The vacancy of a committee chairperson shall be filled by the president, subject to approval by the Board.
The vacancy of a committee member, other than the chair, shall be filled by the chairperson, subject to approval by the president. The appointee shall serve for the remainder of the term.
Section 3: Standing Committees
All UIRA standing committees shall have no fewer than three committee members from the Board and the membership.
The following committees are designated as standing committees:
Awards Committee
The Awards Committee shall consist of a director-at-large, who chairs the committee, and at least two additional persons from the Board or the membership.
The Awards Committee shall:
a. Nominate the Outstanding Volunteer Service awardees for university and for community services to be voted on by the Board.
b. Arrange for the engraving and mounting of awardee nameplates for the UIRA service award plaques located in the Iowa Memorial Union.
Budget Committee
The Budget Committee shall consist of the treasurer, who chairs the committee, the president, and at least one additional person from the Board or the membership.
The Budget Committee shall:
a. Prepare a budget for the annual operations of the association for approval by the Board.
b. Receive and process internal requests for funding submitted by officers, members of the Board, or committee chairpersons related to the ongoing business expenses of UIRA, as approved by the Board.
c. Prepare the budget required for the conduct of other specific events that may be requested by the president or by the Board.
d. Research new funding opportunities.
Manual Update and Orientation Committee
The Manual Update and Orientation Committee shall consist of a director-at-large, who chairs the committee, the president, the president-elect, and additional persons, as needed, from the Board or the membership.
The Manual Update and Orientation Committee shall:
a. Systematically review and update all sections of the manual each year. Changes made to the document must be consistent with the UIRA Bylaws, UI-UIRA Memorandum of Understanding (MOU), and the UI Policy Manual. Significant changes shall be brought to the Board for discussion and vote.
b. Plan and coordinate all aspects of the full Board and committee chair orientation to take place each year, as defined in the UIRA Operations Manual.
c. Maintain a UIRA-dedicated electronic repository that is accessible to the Board and committee chairpersons for storage of archived and working documents.
Membership Committee
The Membership Committee shall consist of a director-at-large, who chairs the committee, the editor of The Gray Hawk, and at least one additional person from the Board or the membership.
The Membership Committee, in conjunction with the ASC, shall:
a. Maintain an up-to-date spreadsheet of paid and introductory members.
b. Develop materials to recruit new members and to promote the retention of current members of the association through the renewal process.
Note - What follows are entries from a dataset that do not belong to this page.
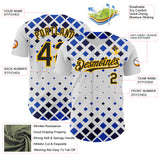 Custom White Black Blue-Gold Geometric Diamond Grid Rhombus Authentic Baseball Jersey
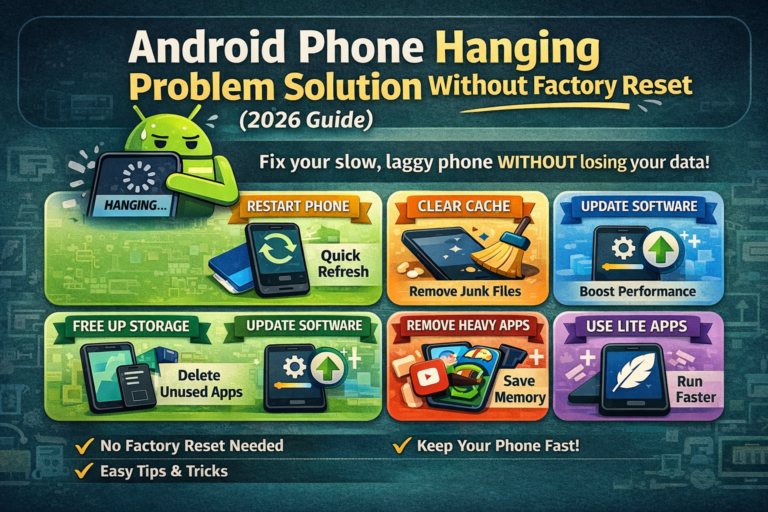 Android phone hanging problem solution without factory reset 2026 guide fix slow phone lag improve performance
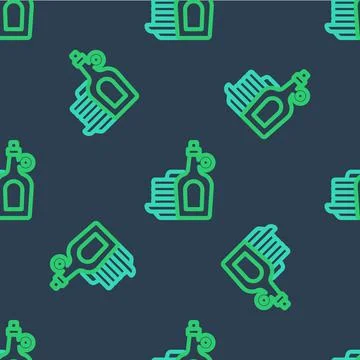 Line Bottle of maple syrup with stack of pancakes icon isolated seamless pattern Illustrazione stock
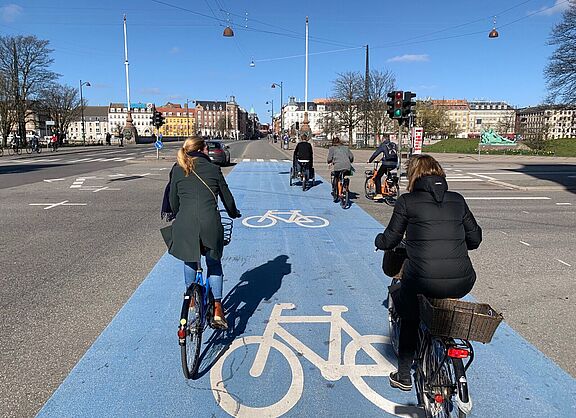 Befahrener Radweg in Kopenhagen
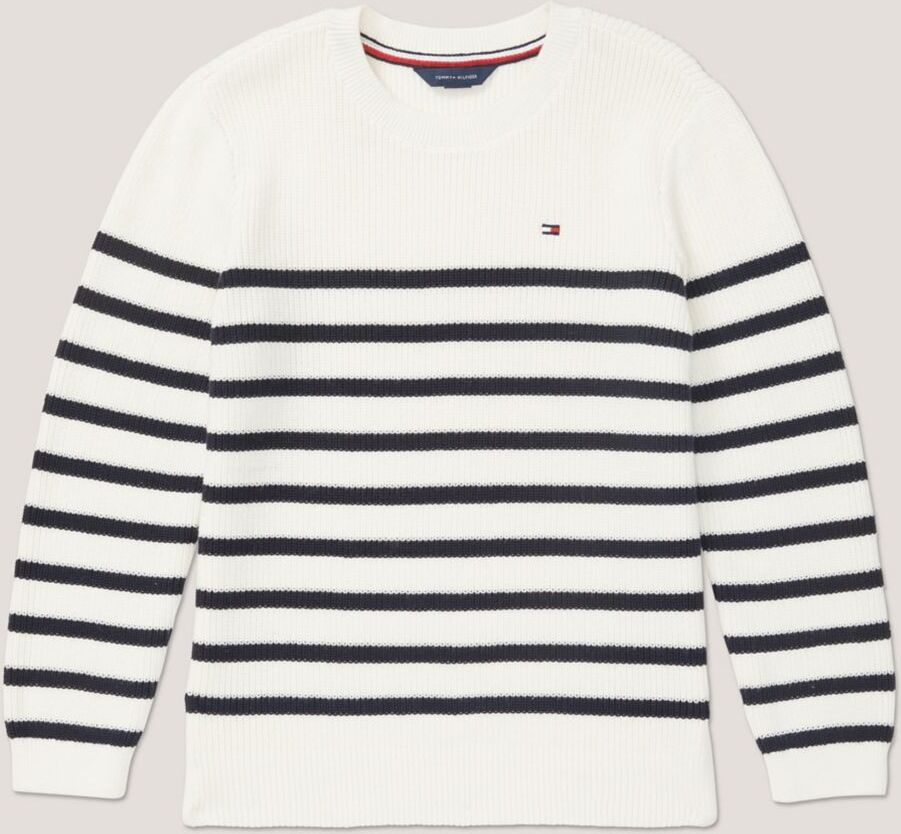 Tommy Hilfiger Boys' Kids' Breton Stripe Crewneck Sweater - White - XS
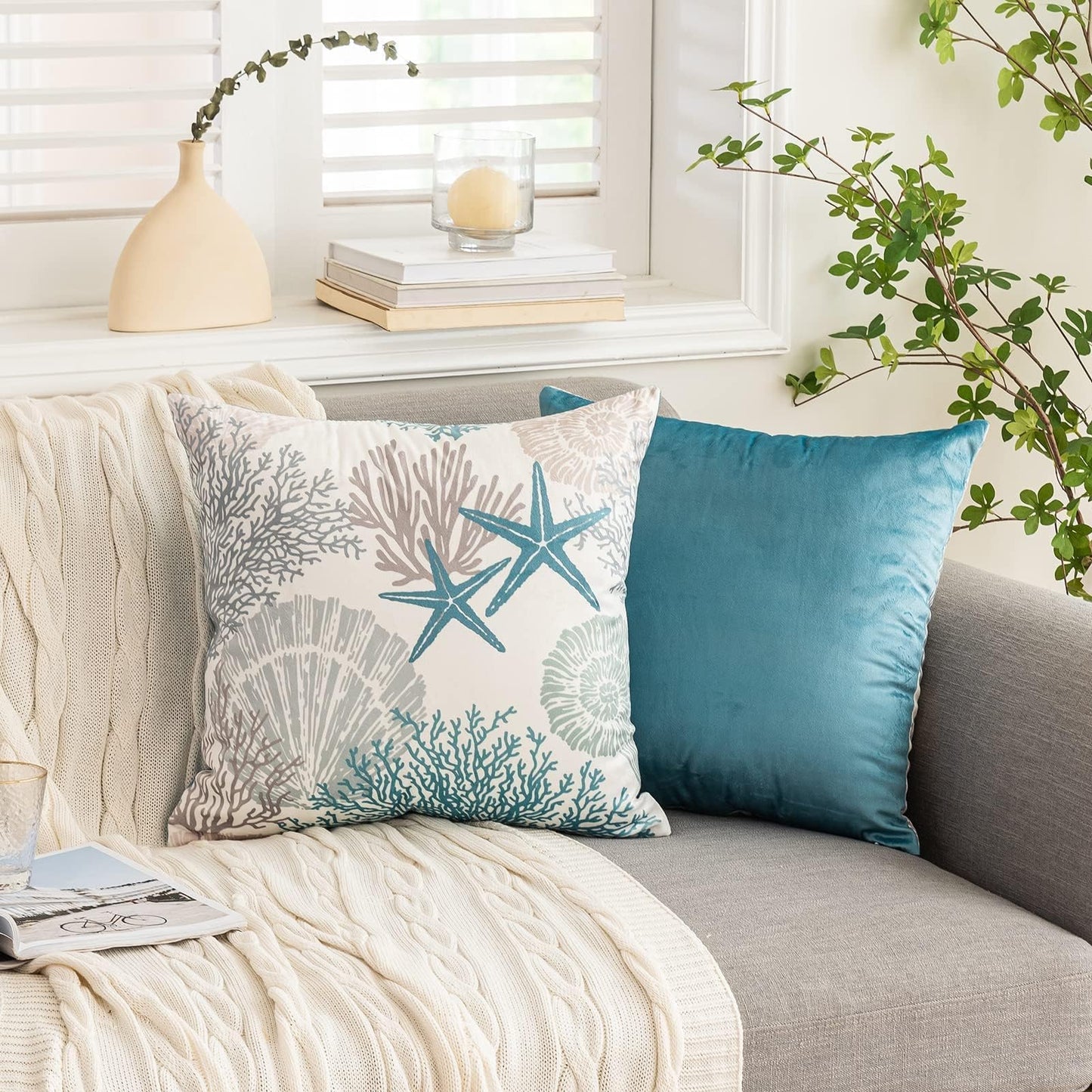 Tritard Nautical Coastal Throw Pillow Covers 18x18 Set of 2 Beach Themed Ocean Seashell Coral Starfish Velvet Couch Decorative Pillow Cases Outdoor Sofa Cushion Cover for Bedroom Living Room, Blue
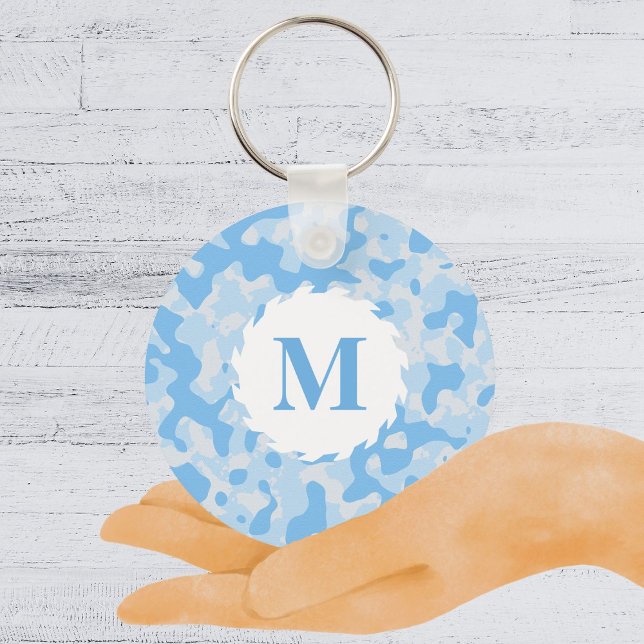 Porte-clés Camouflage bleu Monogramme initial (Blue Camo Camouflage Monogram Initial Keychain)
c. Prepare materials to be distributed to the voting membership via email and The Gray Hawk to assess interest in Board and committee participation.
Nominating Committee
The Nominating Committee shall consist of a director-at-large, who chairs the committee, the past president, and at least one additional member from the Board or the membership.
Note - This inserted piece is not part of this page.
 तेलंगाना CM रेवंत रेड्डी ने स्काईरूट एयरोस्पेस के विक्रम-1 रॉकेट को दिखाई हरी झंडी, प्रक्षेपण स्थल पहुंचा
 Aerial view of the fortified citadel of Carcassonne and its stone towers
The Nominating Committee shall:
a. Develop a slate of officer and director-at-large nominees to be approved by the Board during its April meeting.
b. Prepare the Board-approved slate of officers and Board members for distribution to the membership of the association for voting at least 30 days prior to the annual meeting.
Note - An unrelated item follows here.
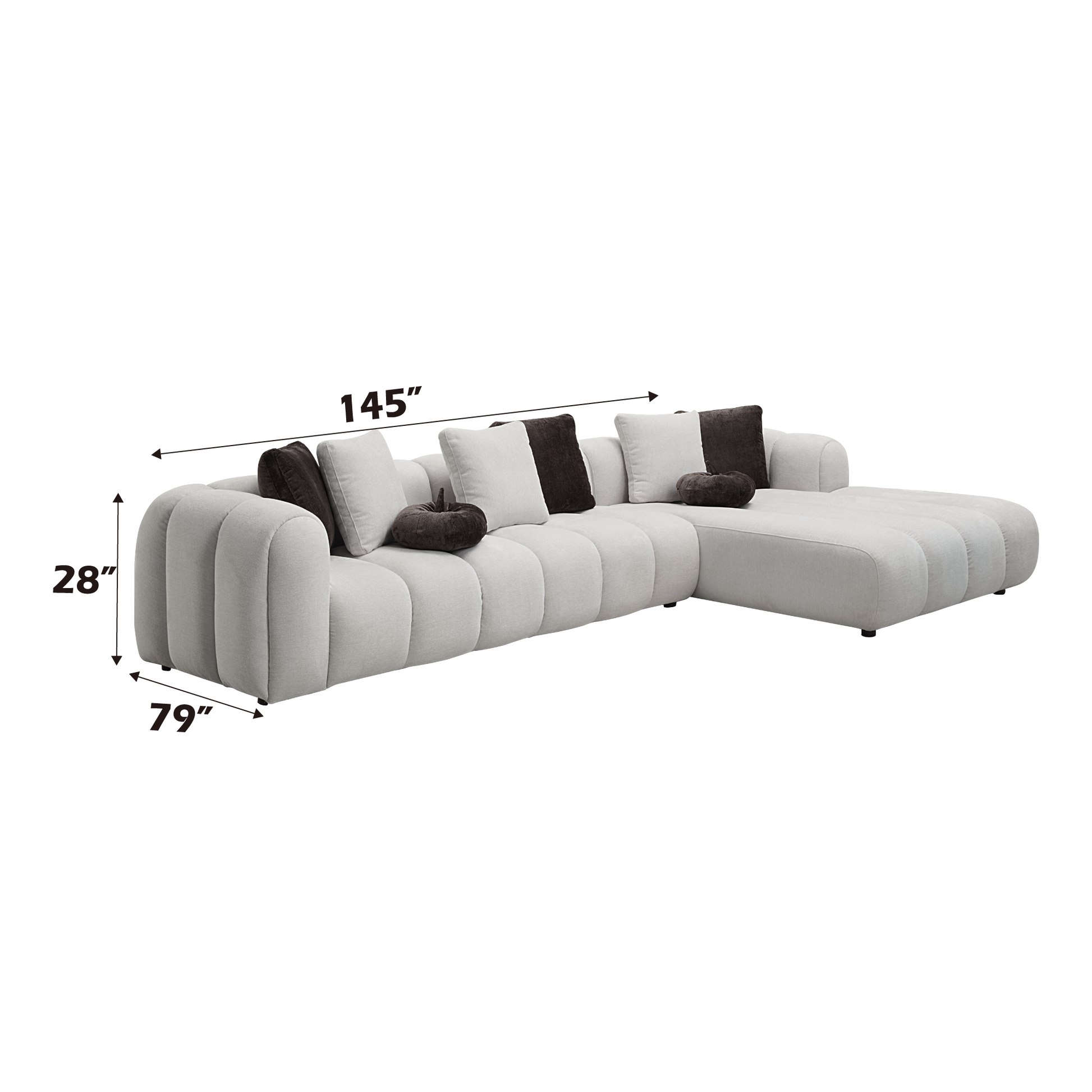 Manilla Ivory White Linen Sectional Sofa w/8 Pillows FredCo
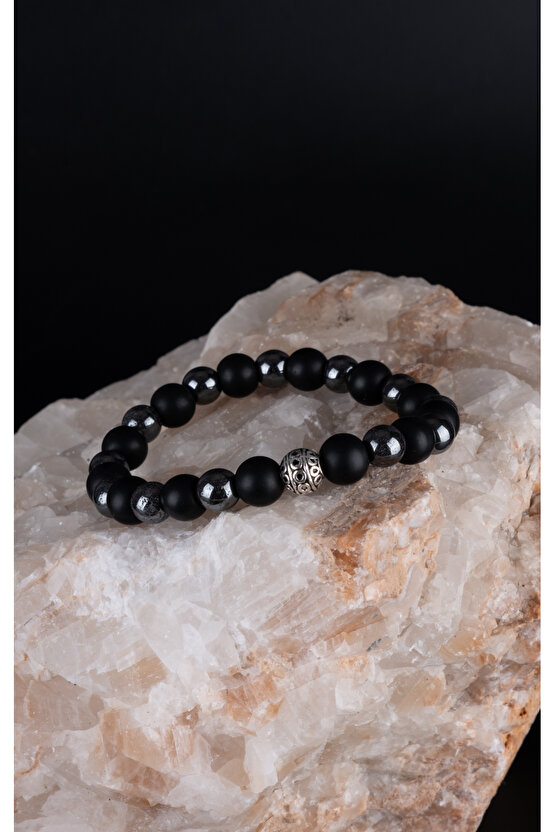 Unisex Dogaltaş Oniks Hematit Bileklik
c. Solicit nominees for new committee chairpersons, to be approved by the Board in its May meeting.
d. Maintain a cumulative list of potential candidates for positions on the Board or as committee chairpersons to be utilized by the committee in the following year.
e. Develop new ways to identify members from the general membership for positions on the Board and committees, including reaching out directly to the membership for recommendations.
Program Planning Committee
The Program Planning Committee shall consist of the past president, who chairs the committee, and at least two additional persons from the Board or the membership.
The Program Planning Committee shall:
a. Plan and coordinate programs, virtual, in-person, or hybrid, throughout the membership year.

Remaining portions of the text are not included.